Canada’s institutional investors — widely considered to run some of world’s most sophisticated investment programs — are shifting more money into alternative asset classes.
A CIBC Mellon survey of 50 pension funds, insurance companies, endowments, foundations, and fund managers found that 58 percent planned to increase their allocation to alternative investments — including infrastructure, private equity, private debt, and hedge funds — over the next 12 months, while the remainder planned to maintain their current allocations to the asset class.
The survey’s respondents managed an average of C$79.8 billion (59.2 billion USD). A majority of them were pension plan executives or trustees.
Canadian pensions — which have been described by the World Bank as “some of the world’s most admired and successful public pension organizations” — have long been heavy investors in alternatives, with funds like the Canadian Pension Plan Investment Board and the Ontario Teachers’ Pension Plan emphasizing direct and co-investments in private assets such as real estate and private equity.
[II Deep Dive: U.S. Pensions Aim to Be More Like Canadian Funds]
According to CIBC Mellon, these and other Canadian institutional investors are now planning to invest more in alternatives in order to safeguard their portfolios from public market volatility.

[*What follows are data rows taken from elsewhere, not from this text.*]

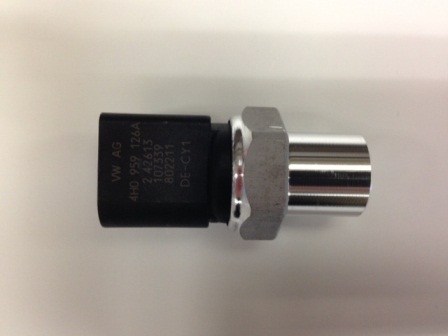 4H0959126A VAG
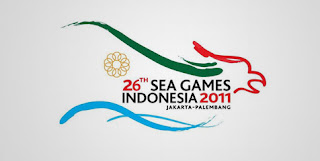 Jadwal Lengkap Pertandingan Futsal SEA Games 2011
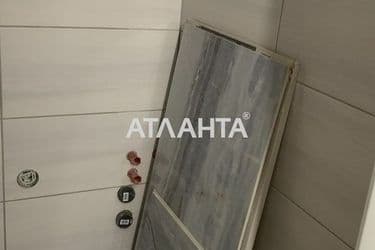 3-кімнатна квартира за адресою вул. Кузнєцова кап. (площа 54 м²) - Atlanta.ua - фото 42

“Alternatives continue to gain momentum among Canada’s institutional investors as they seek investments that can shelter their capital form short-term risks and market movements while also generating strong returns, though we are seeing Canadian investors becoming more particular about how they deploy their capital,” said Jon Lofto, director of alternatives at CIBC Mellon, in a statement.

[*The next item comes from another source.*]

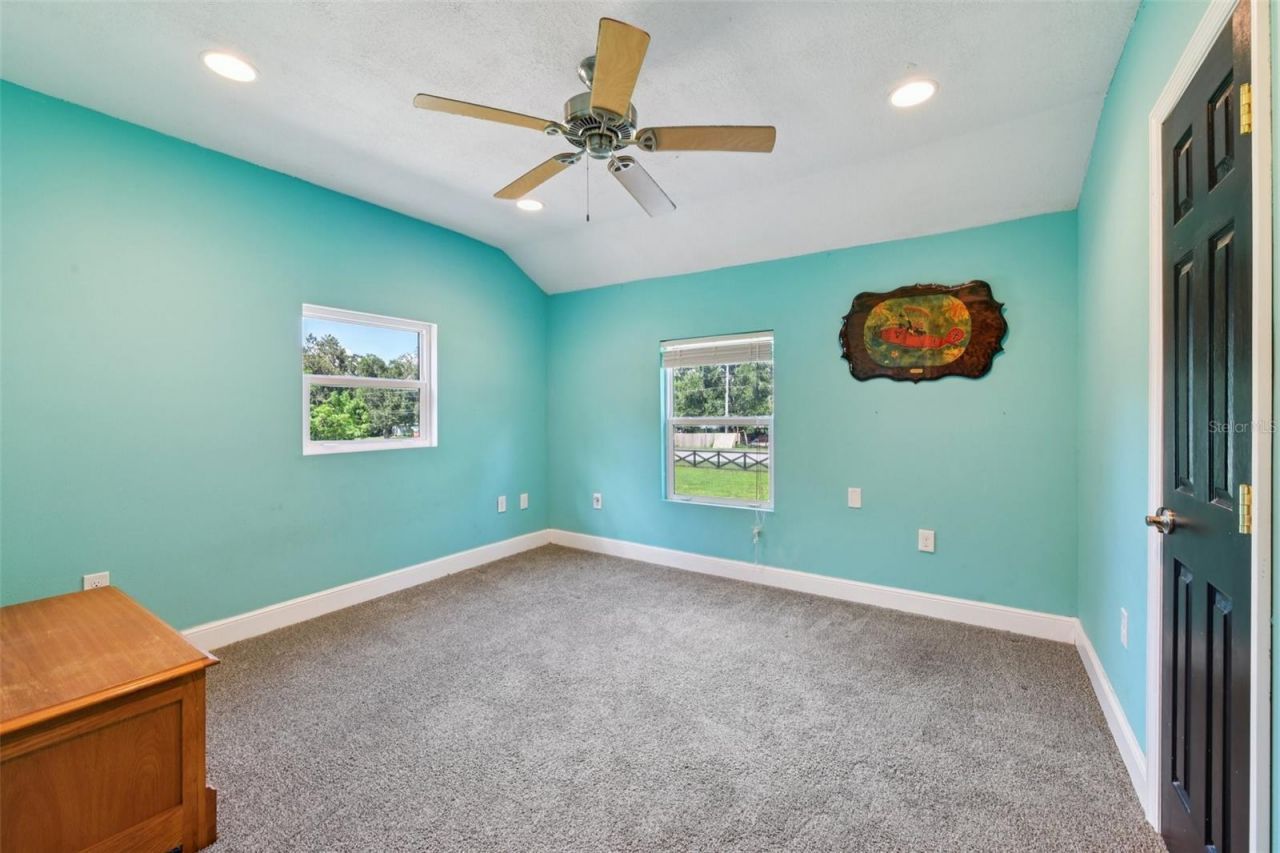 18715 County Road 455, Clermont, FL 34715 Photo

The survey showed that Canada’s institutional investors are targeting the biggest increase in private equity, which all 50 respondents said has either matched or exceed their expectations for performance over the last year. Currently, private equity makes up 18.7 percent of the average Canadian investor’s alternatives portfolio, but survey respondents said they planned to increase their allocation to 20.9 percent on average.
Another popular asset class was private debt and loans, which currently account for 17.9 percent of the average alternatives portfolio, but which respondents planned to increase to 18.5 percent.
In addition, respondents said they also planned to make marginal increases to their infrastructure and hedge fund investments, which accounted for an average of 20 percent and 1.4 percent of their alternatives portfolios, respectively.
The only private asset class which respondents expressed negative views toward was real estate. Unfortunately, this is the asset class which has made up the largest portion of their alternatives portfolios, with an average allocation of 42 percent at the time of the survey. Although 12 percent of respondents said their real estate investments performed better than expected over the last year, 30 percent said their real estate portfolios underperformed expectations.
As a result, the surveyed investors were targeting an average real estate allocation of 38.8 percent of their alternatives portfolios.